When the warehouse was moved to Chandos Street in the smart, busy district of Covent Garden, the boys worked in a room in which the window gave onto the street. Small audiences gathered and watched them at work – in Dickens's biographer Simon Callow's estimation, the public display was "a new refinement added to his misery".
A few months after his imprisonment, John Dickens's mother, Elizabeth Dickens, died and bequeathed him £450. On the expectation of this legacy, Dickens was released from prison. Under the Insolvent Debtors Act, Dickens arranged for payment of his creditors and he and his family left the Marshalsea, for the home of Mrs Roylance.

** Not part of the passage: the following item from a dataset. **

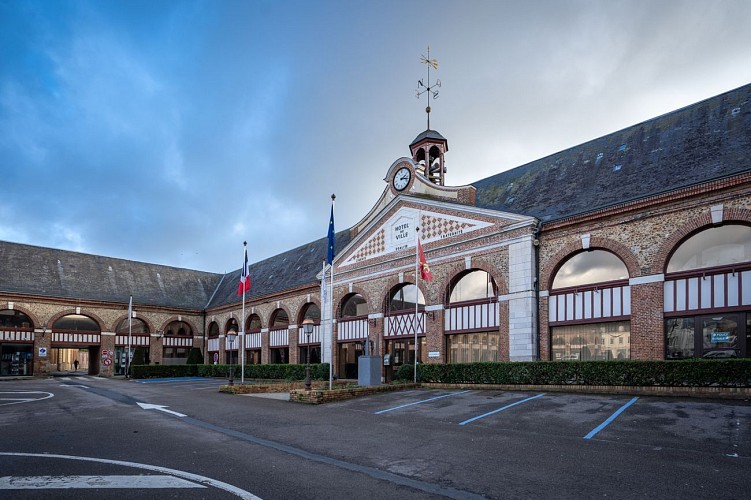 Place Robert Gabel à Cany Barville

Charles's mother, Elizabeth Dickens, did not immediately support his removal from the boot-blacking warehouse. This influenced Dickens's view that a father should rule the family and a mother find her proper sphere inside the home: "I never afterwards forgot, I never shall forget, I never can forget, that my mother was warm for my being sent back." His mother's failure to request his return was a factor in his dissatisfied attitude towards women.
Righteous indignation stemming from his own situation and the conditions under which working-class people lived became major themes of his works, and it was this unhappy period in his youth to which he alluded in his favourite, and most autobiographical, novel, David Copperfield: "I had no advice, no counsel, no encouragement, no consolation, no assistance, no support, of any kind, from anyone, that I can call to mind, as I hope to go to heaven!"
Dickens was eventually sent to the Wellington House Academy in Camden Town, where he remained until March 1827, having spent about two years there. He did not consider it to be a good school: "Much of the haphazard, desultory teaching, poor discipline punctuated by the headmaster's sadistic brutality, the seedy ushers and general run-down atmosphere, are embodied in Mr Creakle's Establishment in David Copperfield."
Dickens worked at the law office of Ellis and Blackmore, attorneys, of Holborn Court, Gray's Inn, as a junior clerk from May 1827 to November 1828. He was a gifted mimic and impersonated those around him: clients, lawyers and clerks. He went to theatres obsessively: he claimed that for at least three years he went to the theatre every day. His favourite actor was Charles Mathews and Dickens learnt his "monopolylogues" (farces in which Mathews played every character) by heart. Then, having learned Gurney's system of shorthand in his spare time, he left to become a freelance reporter. A distant relative, Thomas Charlton, was a freelance reporter at Doctors' Commons and Dickens was able to share his box there to report the legal proceedings for nearly four years. This education was to inform works such as Nicholas Nickleby, Dombey and Son and especially Bleak House, whose vivid portrayal of the machinations and bureaucracy of the legal system did much to enlighten the general public and served as a vehicle for dissemination of Dickens's own views regarding, particularly, the heavy burden on the poor who were forced by circumstances to "go to law".
In 1830, Dickens met his first love, Maria Beadnell, thought to have been the model for the character Dora in David Copperfield. Maria's parents disapproved of the courtship and ended the relationship by sending her to school in Paris.